§ INFORMATION PROVIDED:
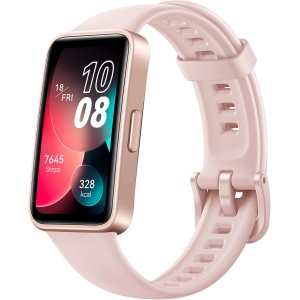 HUAWEI Band 8 Reloj inteligente, pantalla táctil sin bordes, seguimiento del sueño, carga rápida, larga duración, impermeable, compatible con iPhone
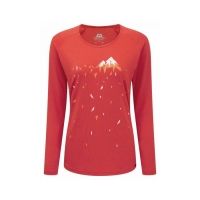 -SHED, Mountain Equipment Crystalline LS Tee, Womens Active Tops
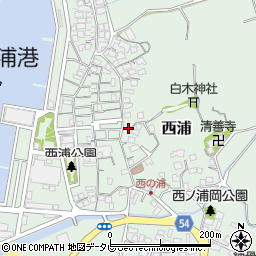 福岡県福岡市西区西浦1298周辺の地図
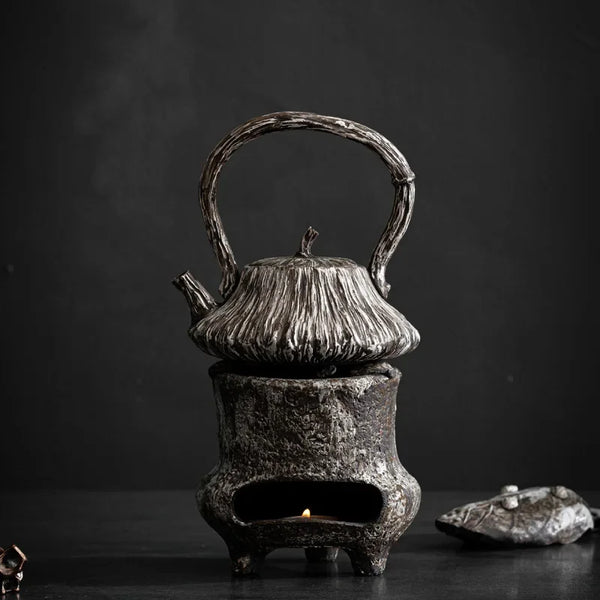 Stoneware Lotus Seedpod Teapot-ToShay.org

§ TASK TO COMPLETE:
Print every line of the data exactly. Pictures do not belong in the copy.

§ ANSWER FOR THIS EXERCISE:
 HUAWEI Band 8 Reloj inteligente, pantalla táctil sin bordes, seguimiento del sueño, carga rápida, larga duración, impermeable, compatible con iPhone
 -SHED, Mountain Equipment Crystalline LS Tee, Womens Active Tops
 福岡県福岡市西区西浦1298周辺の地図
 Stoneware Lotus Seedpod Teapot-ToShay.org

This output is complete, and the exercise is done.